Millileştirme öncesinde Çin gemilerinin adacıklar yakınlarındaki faaliyeti yok denecek kadar azken, o zamandan bu yana fırtına veya hava muhalefeti olmadığı sürece bölgede mevcudiyetini sürdürüyor.
Son iki yılda ortalama 330 gün boyunca adacıklar çevresinde görülen gemiler, 2021’de şubat ve temmuz ayları arasında Japonya’nın kara suları olarak gördüğü alana mücavir bölgelerde 157 gün art arda kalarak rekor kırdı.
Pekin’in, adacıklar etrafında yeni bir statüko oluşturmaya çalıştığına inanan Japonya, adacıkların yakınındaki Çin gemilerine bölgeden ayrılma uyarısında bulunuyor.

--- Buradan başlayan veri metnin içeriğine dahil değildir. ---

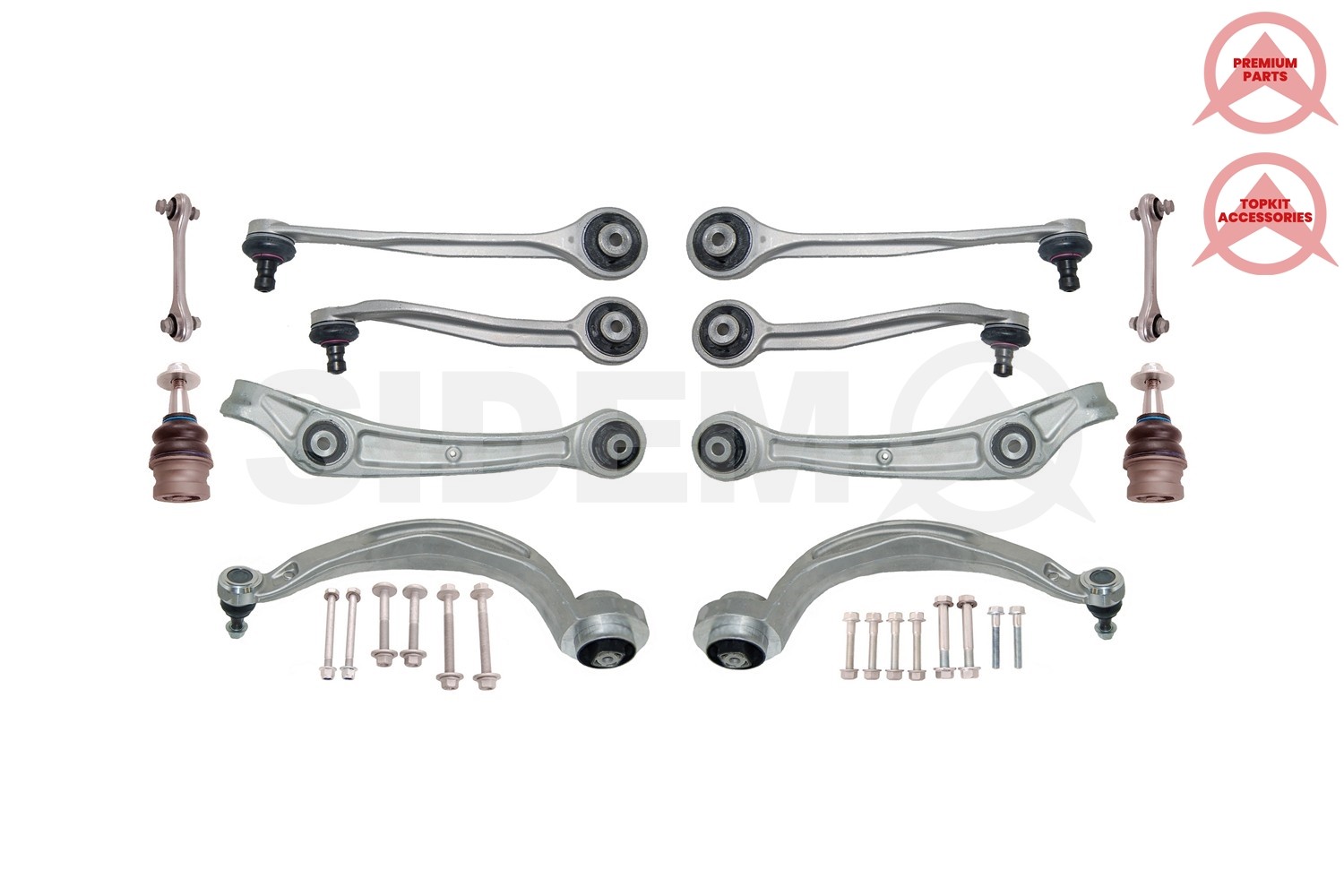 Suspension Kit - 37255 SIDEM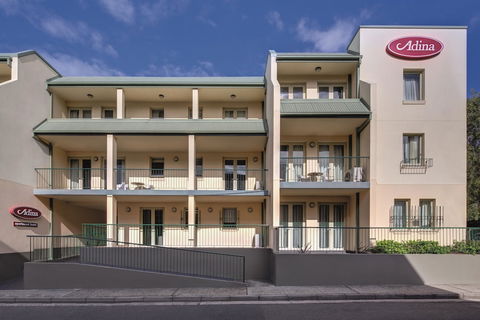 Adina Apartment Hotel Sydney Chippendale - Hotel VIC 0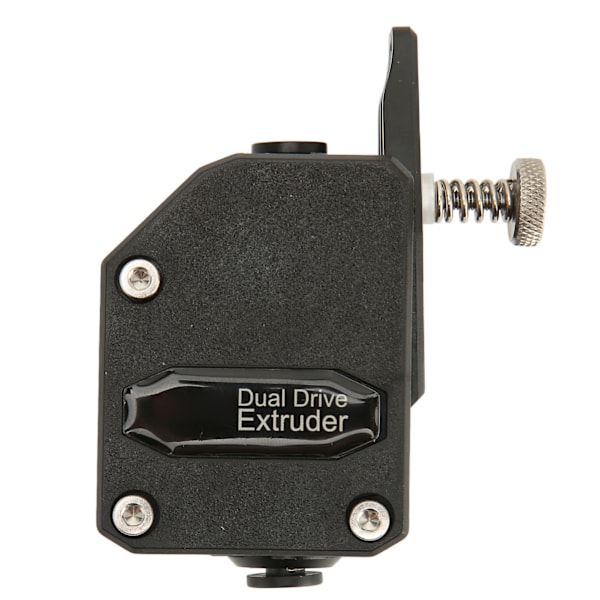 Bowden Extruder för förbättrad matningsstyrka, dubbeldriftssystem minskar slirning, justerbart tryck för anpassad filamentmatning, precision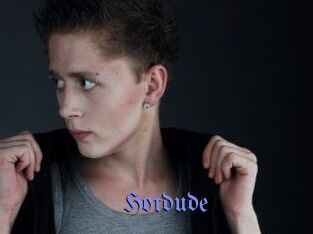 Hotdude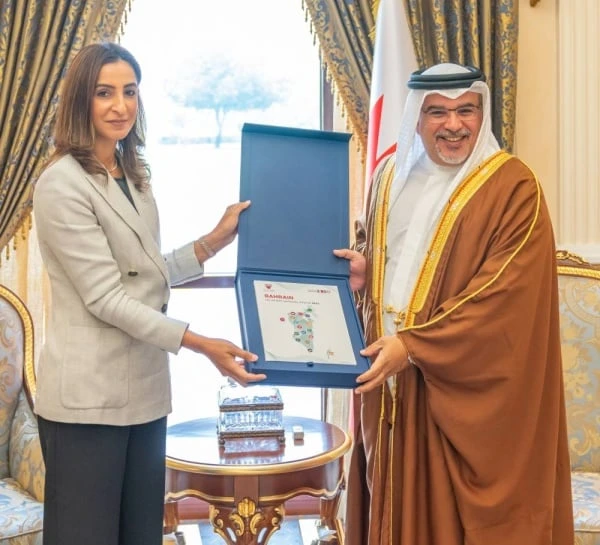 ولي العهد رئيس الوزراء: حمل أمانة تنفيذ توجيهات الملك بأن يكون المواطن في قلب التنمية شرف وواجب لكل أعضاء فريق البحرين الواحد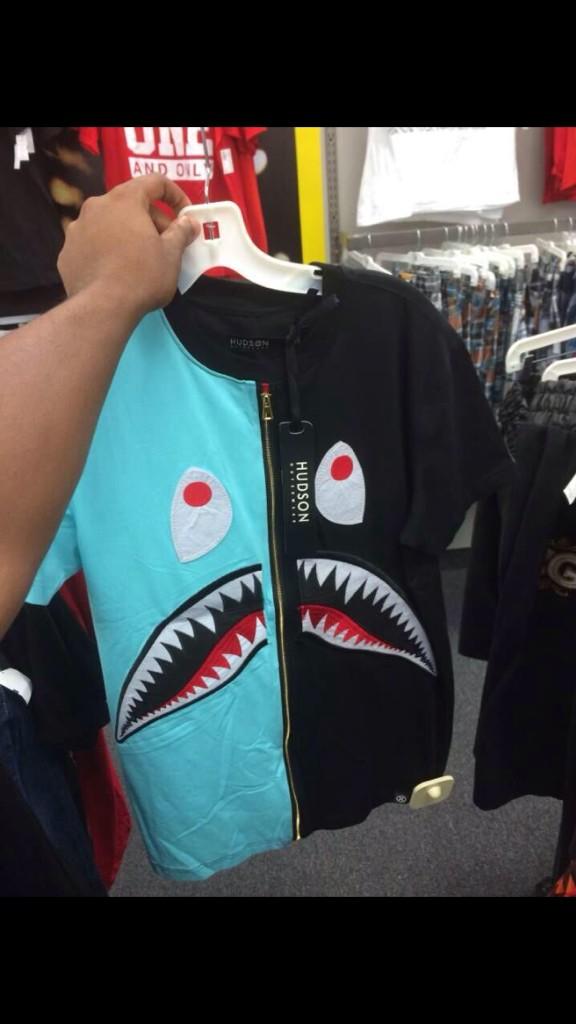 KrackKids's tweet image. THIS IS NOT BAPE 😂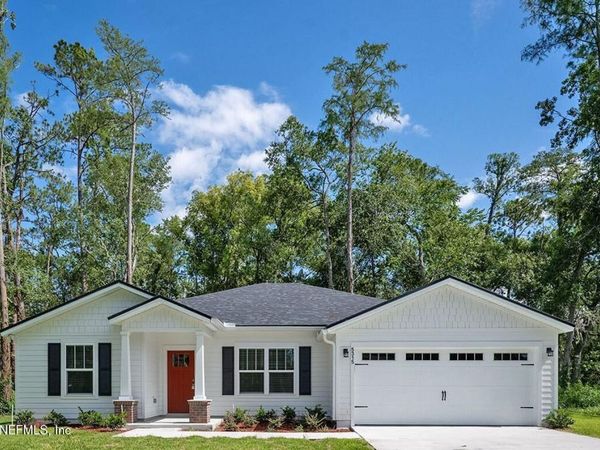 5315 SHIRLEY Avenue, Jacksonville, FL 32210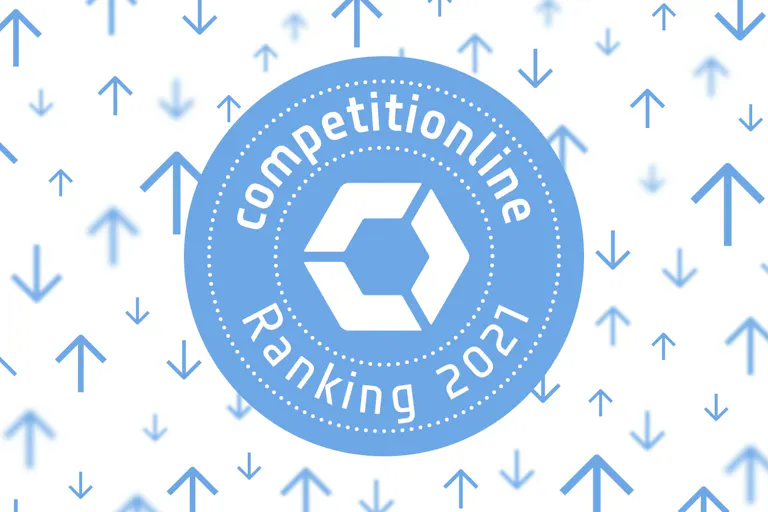 competitionline Ranking 2021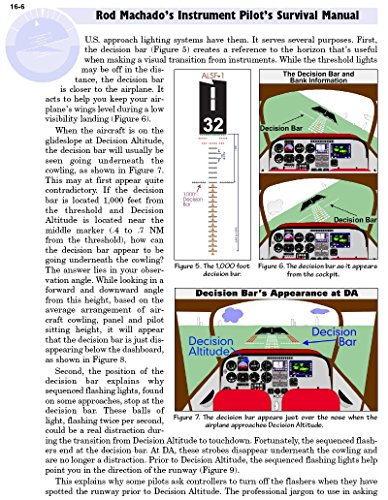 Instrument Pilot's Survival Manual by Rod Machado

Uluslararası hukukta bir kıyı devletinin kara sularından geçiş, diğer devletin barışına, düzenine veya güvenliğine zarar ve halel getirmediği sürece garanti altına alındığından Japonya’nın seyir faaliyetini engelleme hakkı bulunmuyor.

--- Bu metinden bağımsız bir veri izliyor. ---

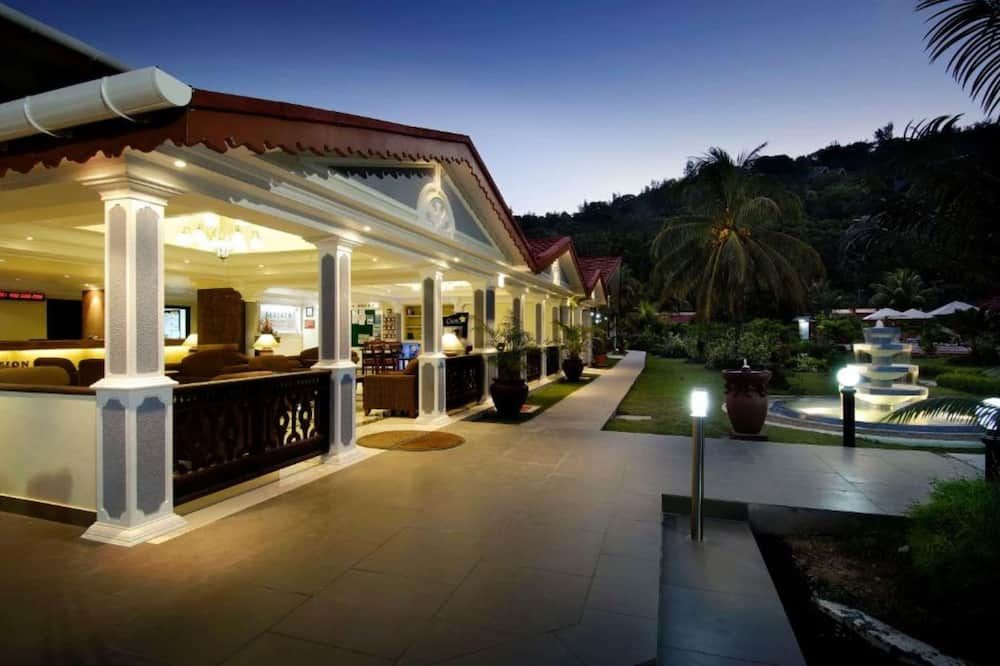 Berjaya Praslin Resort - מפרץ סן אנה - נוף חיצוני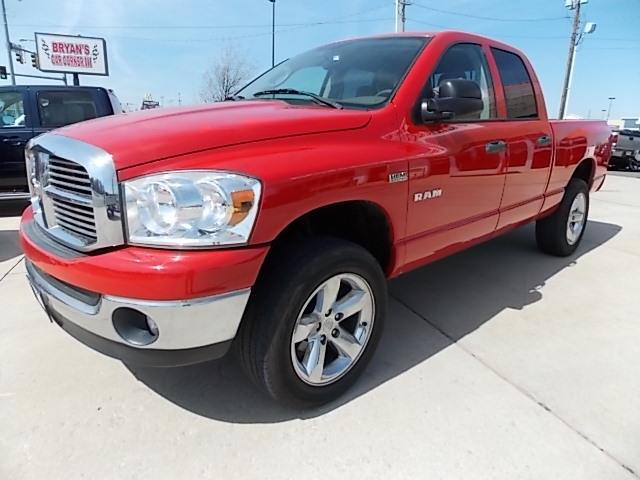 Dodge Ram 1500 2008 photo 13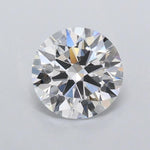 IGI 0.71 Carat Round Brilliant Lab Grown Diamond 人工培育鑽石 實驗室人造鑽石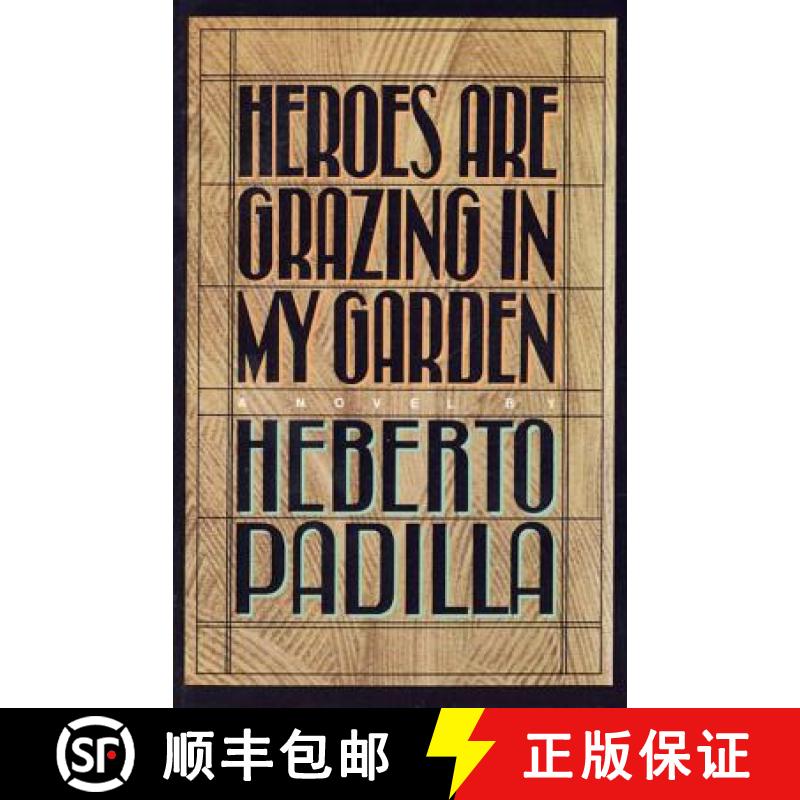 【3-4周达】Heroes Are Grazing in My Garden [9780374527402]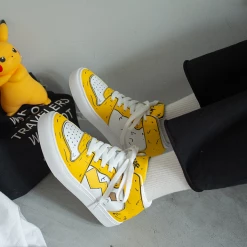 Unzzy Ulzzang Graffiti Shoes KF9498 HOT SALE 8 Unzzy Ulzzang Graffiti Shoes KF9498 HOT SALE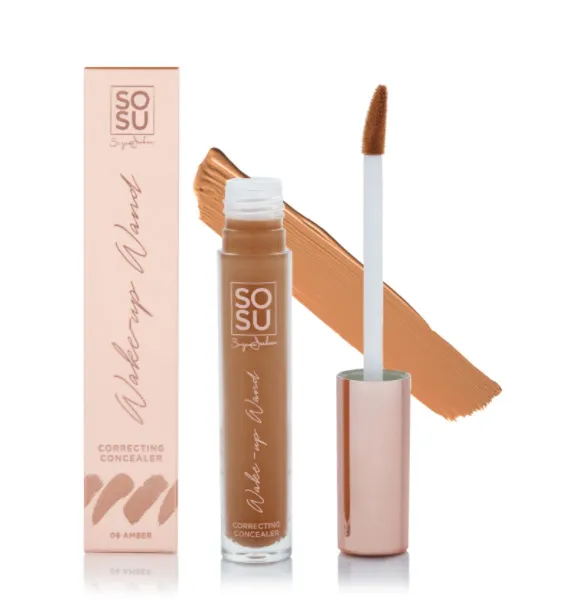 SOSU WAND CONCEALER AMBER NO.8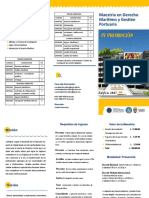 Trifolio IV PROMOCION 2019 Actualizado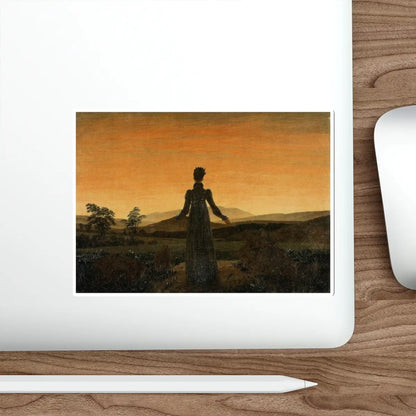 SKU:69852141306596284105 Sticker types:White Shape:Die-Cut Sizes:6" × 6"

“Provokasyon Pekin’e avantaj”
2016’nın yazında adacıklar çevresinde seyreden 300’e yakın Çin balıkçı teknesinden bazıları Japon kara sularını ihlal etmişti. O dönemde Japon Sahil Güvenliğinde üst düzeyde görevde bulunan Toyama Atsuşi, 2012’deki millileştirmenin, “Çin’e gemilerini sürekli bölgeye sevk etmesi için mazeret sağladığı” görüşünü dile getirdi.
Japon Sahil Güvenliğinin askeri çatışmalardan kaçınırken aynı zamanda adacıkları koruduğunu kaydeden Toyama, “Bana göre, Çin gemilerinin bölgedeki sürekli varlığı bazılarını öfkelendiriyor. Provokatif hamlelere başvurursak da bundan sadece Pekin avantaj sağlar.” ifadelerini kullandı.

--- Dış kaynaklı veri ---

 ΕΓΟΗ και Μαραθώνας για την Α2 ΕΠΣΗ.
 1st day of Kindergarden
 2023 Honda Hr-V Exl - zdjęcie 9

Okinawa eyaletinin Naha ilçesindeki 11. Bölge Sahil Güvenlik Karargahına ait devriye gemileri, Japon balıkçı gemilerini adacıklar etrafındaki Çin’e ait gemilerden korumak için bölgeye sürekli devriye faaliyeti yürütüyor.
Bölgedeki gidişatı 7 gün 24 saat izleyen JCG, “ihlal” oluşturduğunu düşündüğü durumlarda, elektronik sinyal yoluyla “Japon kara sularına terk etmeleri” yönünde Çin’e ait gemilere uyarıda bulunuyor. JCG, açık denizlere muhrip gemi ve devriye uçakları sevk eden Japonya Deniz Öz Savunma Kuvvetleri (MSDF) ile de iş birliği yapıyor.
ABD müdahil olabilir mi?
Adacıklar, Japonya’nın Okinawa eyaletinin idari yetki sahasında bulunuyor. Japonya yüzölçümünün yüzde 0,6’sını oluşturan Okinawa, ülke genelinde ABD askeri tesislerinin toplam arazi alanlarının yüzde 70,6’sına ev sahipliği yapıyor.
Ülkenin en güneybatısında yer alan Okinawa’ya, Japonya’ya iade edildiği 1972’den beri, füze denemeleriyle tehditkar Kuzey Kore ve bölgesel askeri faaliyetlerini artıran Çin’e karşı “jeopolitik ve stratejik önem” atfediliyor.
Tokyo-Washington arasındaki askeri ittifakı göz önüne alındığında, son dönemde Japon hükümetinin, olası bir askeri saldırı halinde adacıklar bölgesinin, 1960 Japonya-ABD Güvenlik Anlaşması’nın 5. maddesi kapsamında yer aldığını, ABD yönetimine teyit ettirme çabası dikkati çekiyor.
Japon hükümet yetkilisi, “statükoyu güç kullanarak değiştirmeye yönelik belirgin girişimi bulunan Çin karşısında gardımızı düşüremeyiz.” diyerek, “Millileştirmek, savunma politikamızı ciddi bir acilliyet yaklaşımıyla gözden geçirmemiz için bir ipucu vermiş oldu.” ifadelerini kullandı.